Mark Sanford has surfaced. And, boy, does he have a story to tell:
Gov. Mark Sanford arrived in the Hartsfield-Jackson International Airport this morning, having wrapped up a seven-day visit to Buenos Aires, Argentina, he said. Sanford said he had not been hiking along the Appalachian Trail, as his staff said in a Tuesday statement to the media.
Sanford’s whereabouts had been unknown since Thursday, and the mystery surrounding his absence fueled speculation about where he had been and who’s in charge in his absence. His emergence Wednesday ended the mystery.
“Ended the mystery” is, presumably, unexpected sarcasm.
Sanford, in an exclusive interview with The State, said he decided at the last minute to go to the South American country to recharge after a difficult legislative session in which he battled with lawmakers over how to spend federal stimulus money.

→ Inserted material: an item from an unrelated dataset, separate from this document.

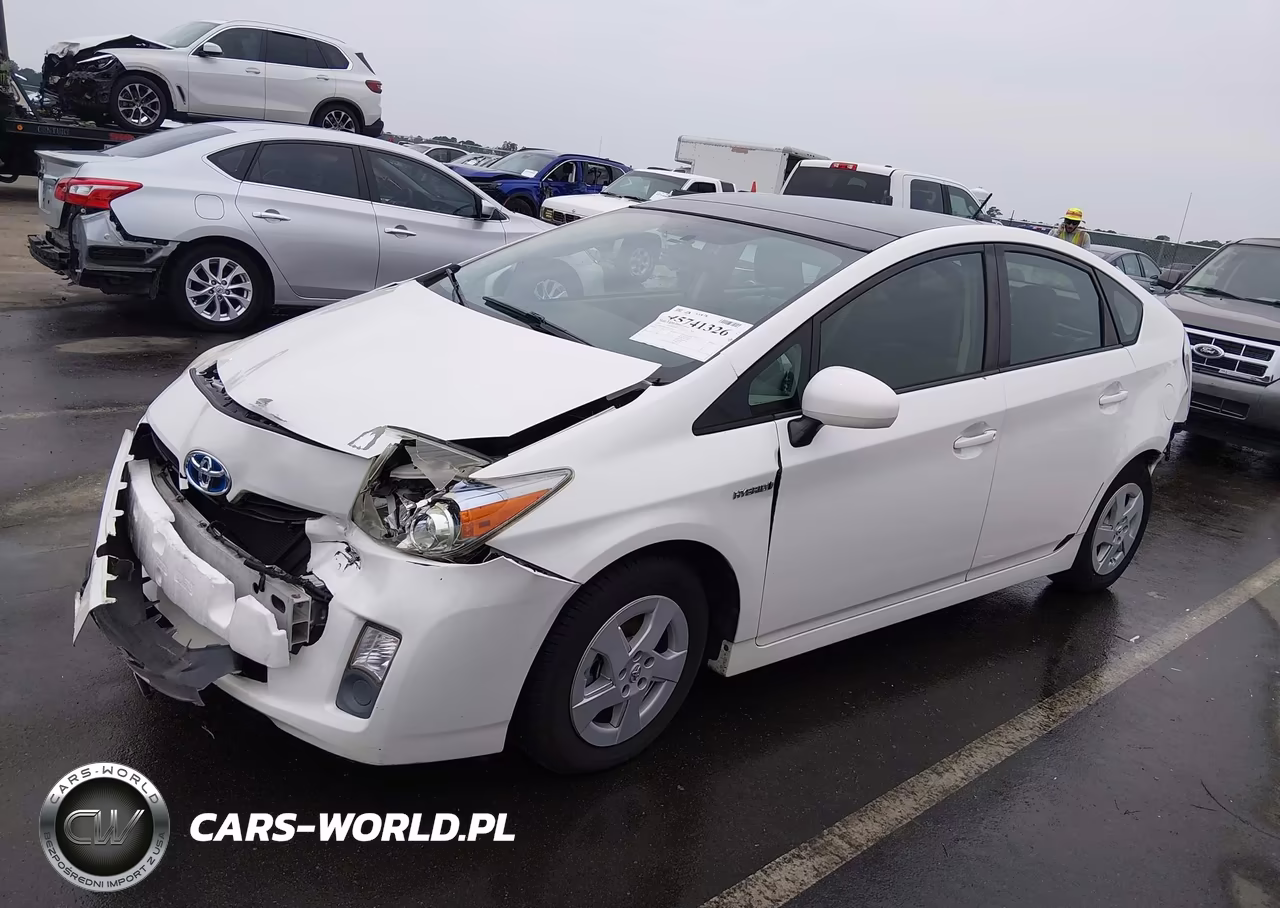2011 Toyota Prius Three VIN:JTDKN3DU8B5311450 - 2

Sanford said he had considered hiking on the Appalachian Trail, an activity he said he has enjoyed since he was a high school student.
“But I said ‘no’ I wanted to do something exotic,” Sanford said “… It’s a great city.
[...]
The governor said he cut his trip short after his chief of staff, Scott English, told him his trip was gaining a lot of media attention and he needed to come back.When asked why his staff said he was on the Appalachian Trail, Sanford replied, “I don’t know.”
Sanford later said “in fairness to his staff,” he had told them he might go hiking on the Appalachian Trial.
Sanford said he decided not to return via the Columbia airport to avoid the media. The State Media Company was the only media who (sic) greeted Sanford this morning.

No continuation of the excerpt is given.